Have you observed some of this happening? What would this mean for your work? How could you and your organization be the protector of everything good, noble and praiseworthy in the local culture and religion? How would that change some things you do and say?

Etic not just Emic

Etic and emic are words that come to us from cultural anthropology. Emic views of a situation are from within, from inside the worldview of a particular culture, an intimate view. Etic views are those from outside, attempting to understand through comparison across many cultures. A big picture view.  

Most of us automatically think in emic categories – from within the culture or subgroup we belong to. Like all humans, I of course view things emic-ly, but you can also develop the habit of taking the etic view as well. So, for instance, when my college-age son once asked me “What do you think of tongues?”[1] Although I responded with all kinds of emic insider observations, my first reaction was etic: “Well, ecstatic mystical experiences show up in all the world religions. It’s something humans do. A certain portion of people find that to be a central component of their spiritual experience, others don’t seem wired that way.”  Or another, more nerdy, example: when asked recently to list ten things about myself, my first response was as etic as I could draw: “I am a biological creature, created by God, living in the Sol System of the Milky Way galaxy.” I probably should have said something about carbon-based or oxygen.
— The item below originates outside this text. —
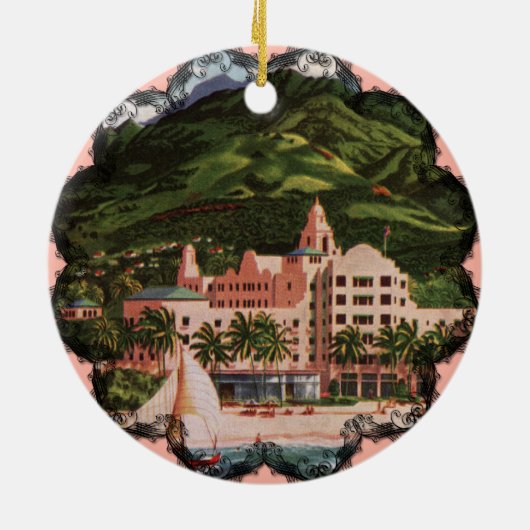 Het Royal Hawaiian Hotel Keramisch Ornament (Achterkant)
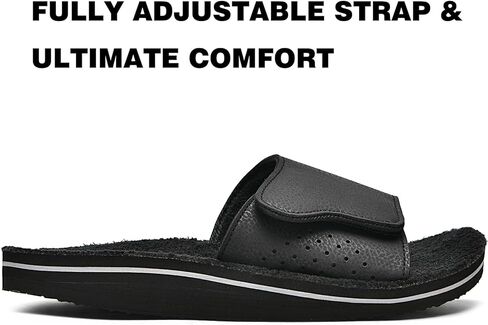 Men's Fuzzy House Slippers With Arch Support Indoor Outdoor House Shoes Heel Cup Slides with Soft Cushion Footbed in Saudi Arabia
Viewing things from an etic perspective can help bring a wider perspective and break us out of narrow paradigms which are parochial and don’t take the big picture reality into account. We often emic-ly assume something has a theological raison d’etre when worldwide studies show it to have more of a cultural one. The fact that two of my graduate degrees had healthy doses of cultural anthropology  certainly helps me be aware of etic realities.  Cross-disciplinary reading is also very valuable in this arena. If you only read within one realm (say, Christian theology, or even a substrata of that), you often get caught drawing emic conclusions which are woefully lacking in awareness of etic realities staring you in the face. Some of the completely ignorant, and laughable if it weren’t so egregious, comments made by Christians regarding Islam are a common example these days. Understanding some of the practices in the Old Testament over three thousand years ago are another. Reading across the social sciences, hard sciences, and history, help protect us from embarrassing emic limitations.


[1] “Tongues” is an emic Christian word referring to the experience of glossalia. There are a variety of opinions on the subject from within Christianity.